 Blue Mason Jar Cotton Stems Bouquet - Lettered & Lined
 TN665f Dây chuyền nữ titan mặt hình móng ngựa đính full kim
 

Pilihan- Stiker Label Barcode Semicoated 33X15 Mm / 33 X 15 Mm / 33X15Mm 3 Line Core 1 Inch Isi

---

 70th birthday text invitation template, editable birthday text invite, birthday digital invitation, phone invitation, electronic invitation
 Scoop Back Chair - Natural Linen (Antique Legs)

--

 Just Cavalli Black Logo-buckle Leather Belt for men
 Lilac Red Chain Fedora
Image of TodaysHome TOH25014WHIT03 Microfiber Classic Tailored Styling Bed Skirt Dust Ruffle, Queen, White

▸ **TASK OBJECTIVE**:
The response should be the listing above, limited to the lines between the one holding "Lilac Red Chain Fedora" and the one holding "Image of TodaysHome", inclusive, reproduced exactly.

▸ **ANSWER BOX**:
 Lilac Red Chain Fedora
Image of TodaysHome TOH25014WHIT03 Microfiber Classic Tailored Styling Bed Skirt Dust Ruffle, Queen, White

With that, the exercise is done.